It wasn't hype, youth, or a careless approach to spelling that's made San Diego lo-fi band Wavves so divisive for the past couple years. Those things never help (hurt?), obviously, but mostly it was that everything about Nathan Williams' home-recording project felt so casual. And while the immediacy of his sloppy, hollering-into-a-laptop's-internal-mic approach made for some perfectly snotty, adolescent pop, it also resulted in an equal amount of half-stoned noise goofs that were included, it seemed, just to get his first record to album-length. Then he released another LP, mere weeks after the first taste of fame, the sole aesthetic development of which being an extra V in its title. It was all pretty punk, sure, but in this case, Johnny Rotten's immortal rhetorical, "Ever get the feeling you've been cheated?," was a little too easy to answer. So, when a behind-the-scenes narrative about public drug freak-outs, indie-rock bar fights, and a young dude just generally losing his shit in the spotlight started outpacing all that instant critical acclaim, let's just say that concerned empathy was not the default response.
As the title track to Wavves new record, King of the Beach, starts spinning, it's clear that this isn't going to be Wavvvves.

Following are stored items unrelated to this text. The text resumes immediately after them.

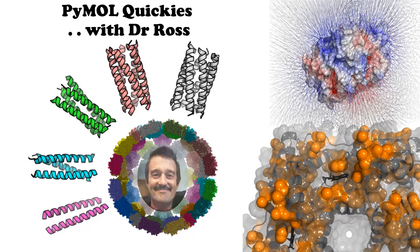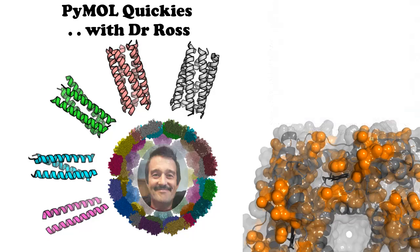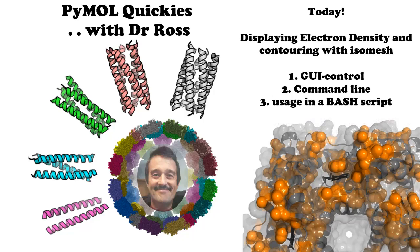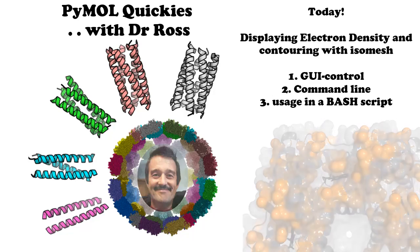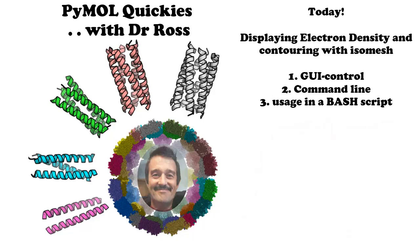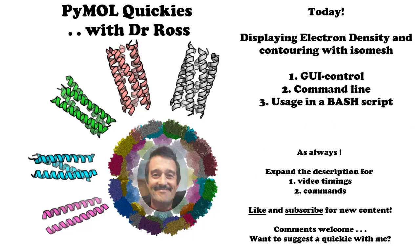Hello and welcome to another Pymol Quickie with me, Dr Ross. Today we will look at how to display electron density in Pymol using both the GUI and the command line. As always you can expand the description for the video timings and the list of commands, and please like and subscribe for new content.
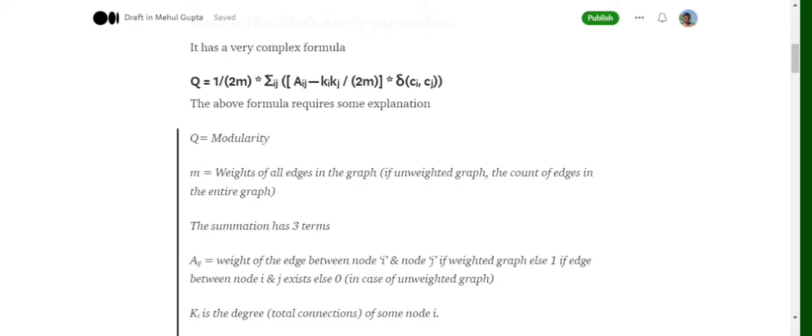During the summation we consider each and every possible pair of nodes and check the value for a_ij — whether an edge exists or not. For a weighted graph, a_ij equals the edge weight; for an unweighted graph, a_ij equals one if an edge exists.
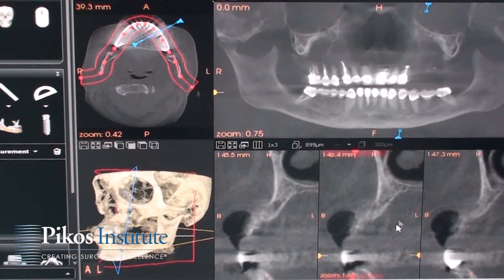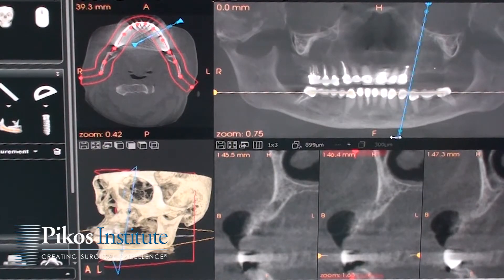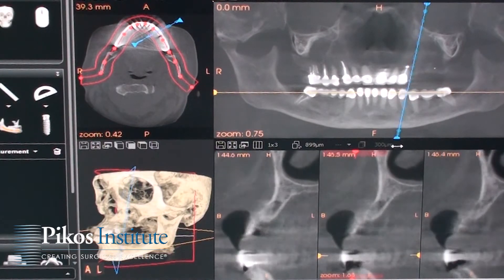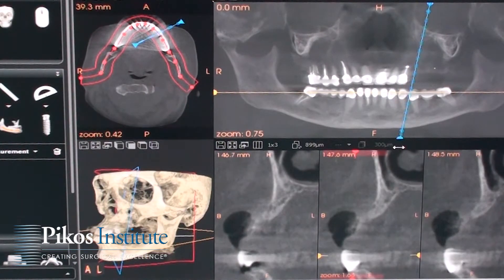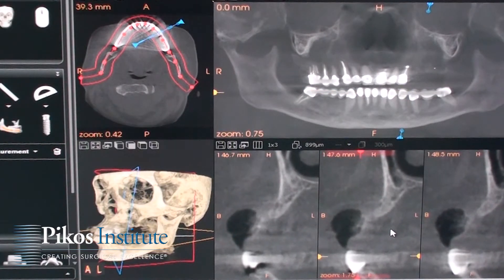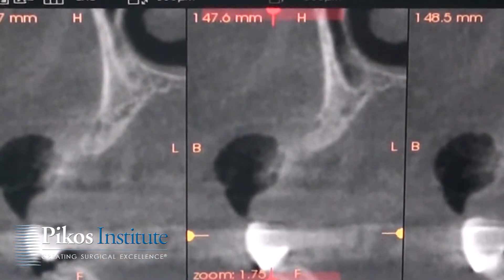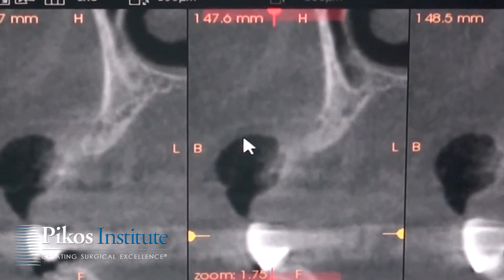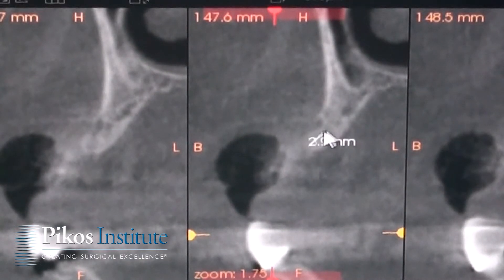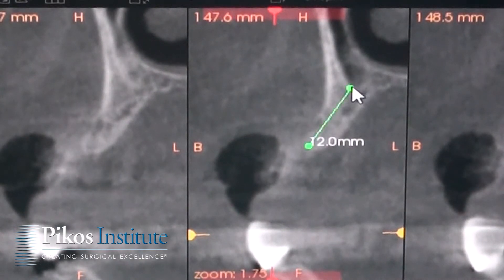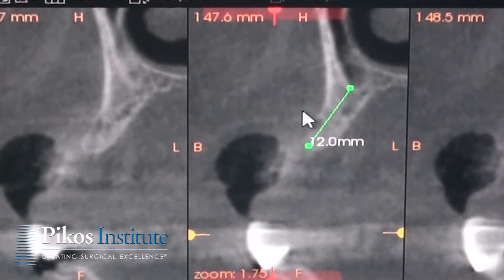As you're going to see, the ridge is definitely on the narrow side, more of a Division B ridge, almost a C-W. We can get a better idea of the existing ridge right here. Using our measuring device, we'll take a look at height. Height is not going to be an issue in the number 12 site — we're approximately 12 millimeters in height.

Recorded in a real studio with Modest Mouse producer Dennis Herring, the sound is clean and muscular. It'll be a hell of a jolt to those who've considered Williams' songwriting mostly fuzz and mirrors to this point: Whereas his early, more formless half-songs got compared to No Age by default, this is closer to the laser-guided garage rock of the late Jay Reatard (whose old rhythm section just happens to be Wavves' current touring band).

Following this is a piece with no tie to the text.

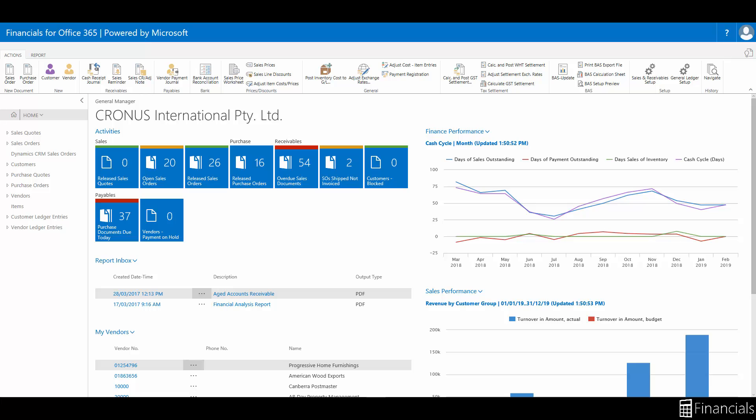To undo an incorrect journal posting involves selecting the entry and creating a reversing entry that is identical to the original entry but with the opposite sign in the amount field with the same document number and posting date as the original entry. After reversing an entry, you must make the correct entry.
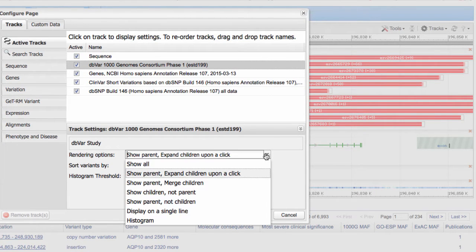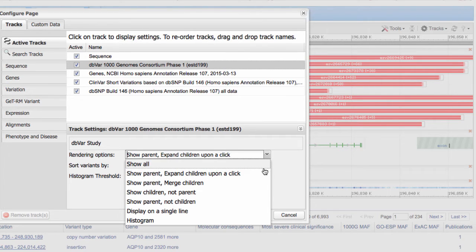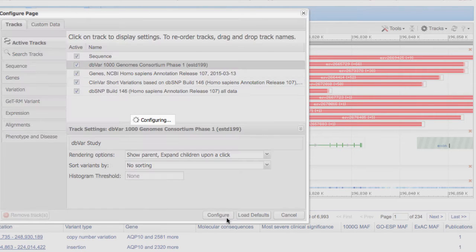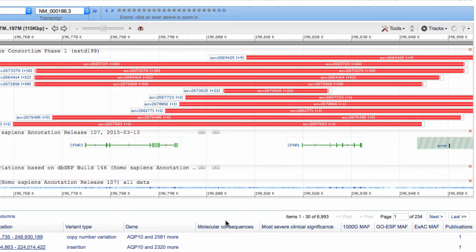Then in the pull down menu for Rendering Options, select Show Parent Expand Children Upon a Click. Then click the Configure button, and you are all set.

Though the record is more nimble musically, its themes remain stunted to teenage immediacy—Nintendo, beaches, water fights, being dumb, feeling lame and vaguely guilty. With the feedback peeled off, the banality of the pop-punk hooks is even more apparent. There are times when Williams might be a couple of bodily function jokes away from accidentally writing a Blink 182 single. But there's a dark undercurrent to the words too—self-deprecation bordering on self-hate. Lyrics like, "I'd say I'm sorry but it doesn't mean shit," or "All my friends hate my guts," feel like internalized responses to pages upon pages of Internet comments berating him for various fuck-ups.

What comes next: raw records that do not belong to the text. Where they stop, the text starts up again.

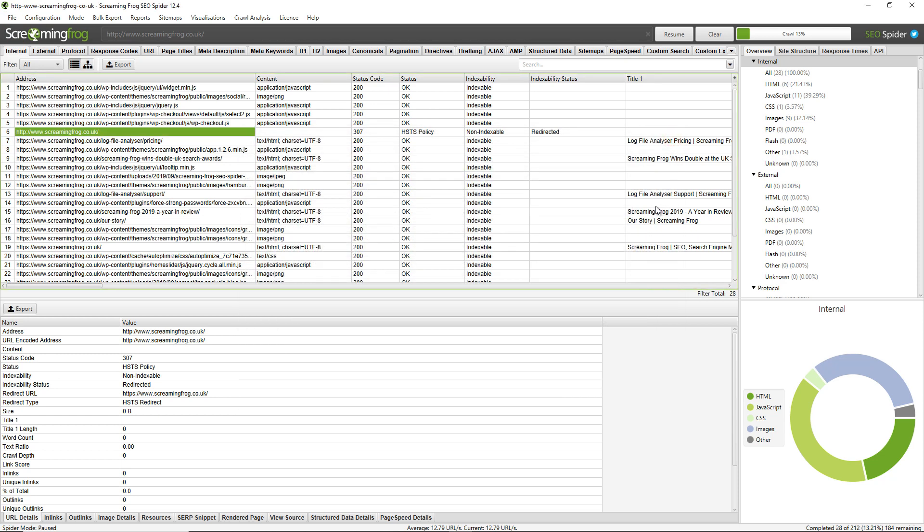Now there are some advantages to using database storage mode. The main advantage is that obviously crawls are saved automatically. Now if you experience a power cut or Windows performs an update, you forget to save the crawl or you experience a crash or something along those lines, generally your crawl will be stored automatically. So you won't lose the crawl. You can just go to the file crawls menu and reopen it back up and resume from where you left off.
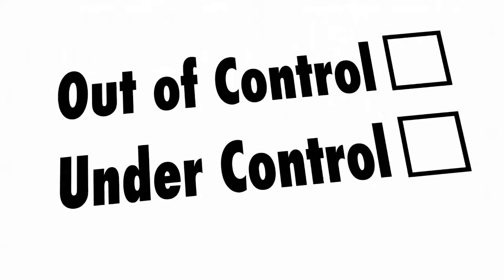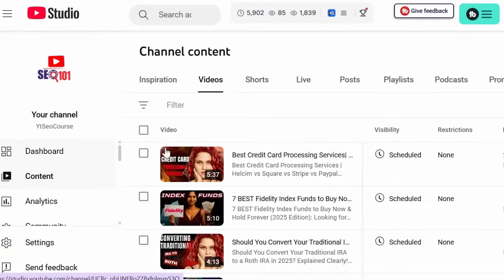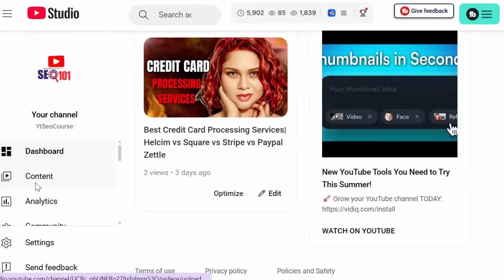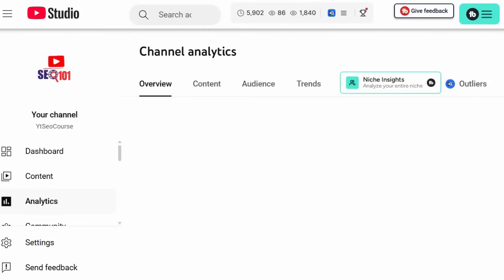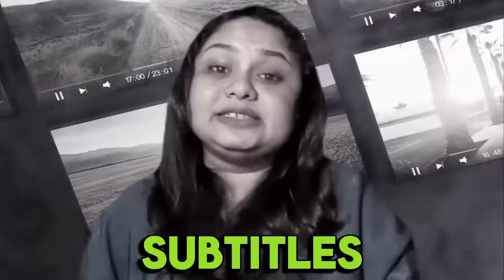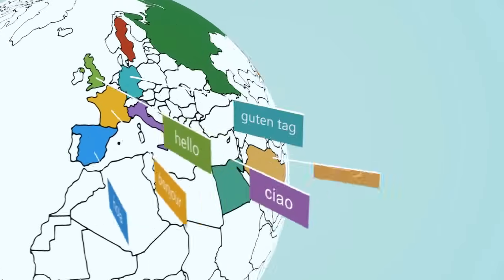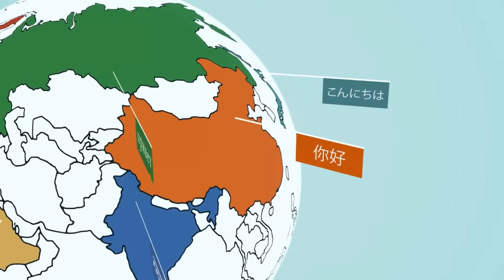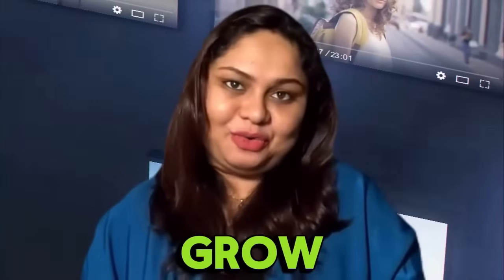Want even more control? Translate your own captions using YouTube Studio. This helps creators reach wider audiences in global languages with ease. If you're a content creator, add subtitles in two to three languages minimum. This increases reach, improves engagement, and helps your SEO rankings grow.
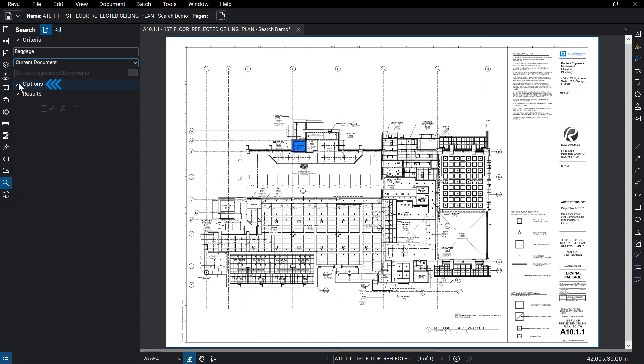From the Options section, you can select what will be searched, like the file names, file properties, markups, and of course, the page content itself.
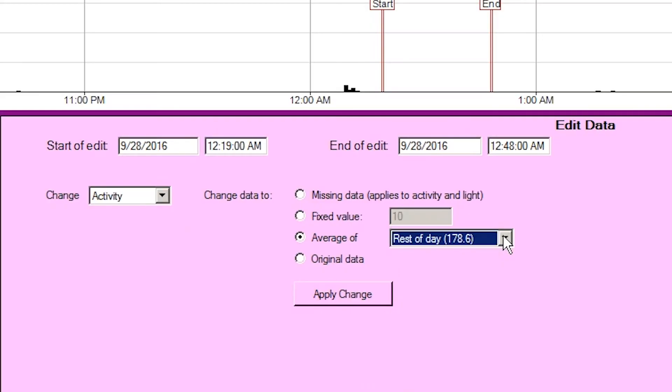If the last part of the recording is marked as missing data, then this will also reduce the length of the printed actogram to avoid printing unnecessary missing days. This is particularly useful if the motion watch continued recording while not worn at the end of a recording. In this case, simply select all of the time after the valid recording and mark it as missing data. This can be restored at any point using the original data option.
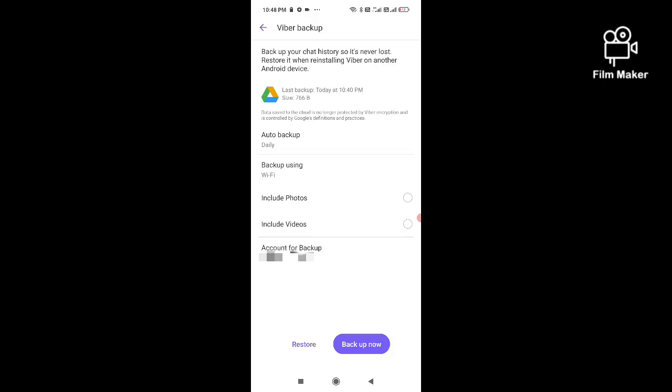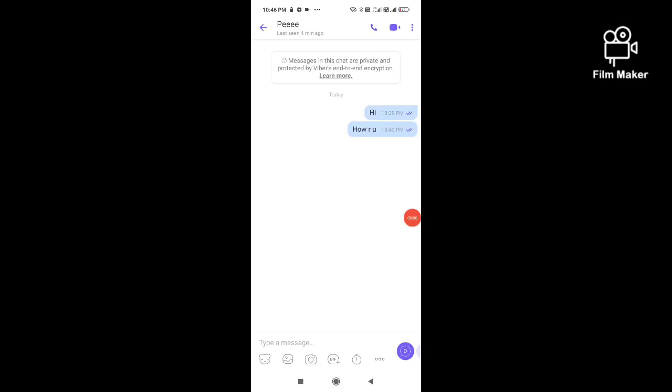Next, click on the restore option. If your Viber backup account is not connected with Google Drive or your Google account, you have to connect it first with your Gmail account. Now I'm clicking on restore option and now you can see...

During "Take on the World," Williams sings, "I still hate my music, it's all the same." Encouragingly, that seems like one self-inflicted zing he's taken pains to correct. King of the Beach's middle section swings from shuffling near-ballads, to deranged bubblegum pop, to hooky, low-key synth that could be described with made-up nightmare terms like "chill-wave doo-wap." It's not all great. Eyes roll as he breaks out the Phil Spector "Be My Baby" drumbeat for the eighteen-millionth time. Crazed, muppet-voiced backing vocals occasionally make Woods' Jeremy Earl sound comparatively normal. And yeah, sometimes the dumbness of it all just overwhelms everything else. But for a third record, it's not a bad start.